Smelt Protection Trumps Calif. Farms’ Water Woes

(CN) - Federal protection of the tiny delta smelt, a 3-inch-long fish that inhabits California's Sacramento-San Joaquin Delta Estuary, does not violate the Commerce Clause of the U.S. Constitution, the 9th Circuit ruled Friday.

The threatened fish, a California native that was once used for fishing bait but currently has no commercial value, has been the subject of much controversy of late, blamed by some for drying out the west side of the state's Central Valley.

Delta smelt was first listed by the U.S. Fish and Wildlife Service as a threatened species under the federal Endangered Species Act in 1993. In 2008, the agency issued a biological opinion finding that the operation of the Central Valley Project - which brings water from the state's wetter north to its southern agriculture lands - was contributing to the decline of the species.

The opinion led to a controversial plan to reduce water flows to and in the delta during certain times of the year - a move that three commercial growers from the San Joaquin Valley claimed hurt their operations.

Stewart & Jasper Orchards, Arroyo Farms and King Pistachio Grove, with help from the conservative Pacific Legal Foundation, sued Fish and Wildlife and other agencies under the Commerce Clause.
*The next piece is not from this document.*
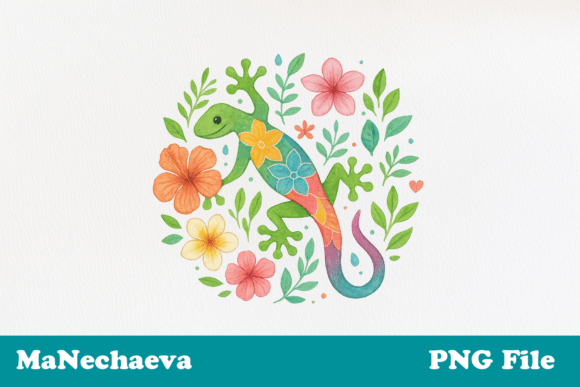 Download Floral Tropical Gecko Clipart PNG - Art Collection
They claimed that the government had no authority to protect the delta smelt because it exists only in California and has no commercial value.

The Commerce Clause allows Congress to regulate interstate commerce and activities that have a "substantial effect" on such commerce. Senior U.S. District Judge Oliver Wanger, after finding that the growers lacked standing to sue the agencies, ruled that the service's protection of the delta smelt was valid under the Commerce Clause.

A three-judge appellate panel in San Francisco agreed but split from the lower court on the growers' standing.

"The protection of threatened or endangered species implicates economic concerns," Judge Sidney Thomas wrote for the panel. "We conclude that the ESA [Endangered Species Act] is 'substantial[ly] relat[ed]' to interstate commerce and, thus, the growers' as applied challenge to ESA ... fails."

In a brief statement on its website Friday, the Pacific Legal Foundation vowed to appeal the decision.

"Although we are disappointed with the decision, we will continue to fight the regulatory drought, and we fully intend to ask the Supreme Court to review the constitutionality of draconian delta smelt regulations," the statement said.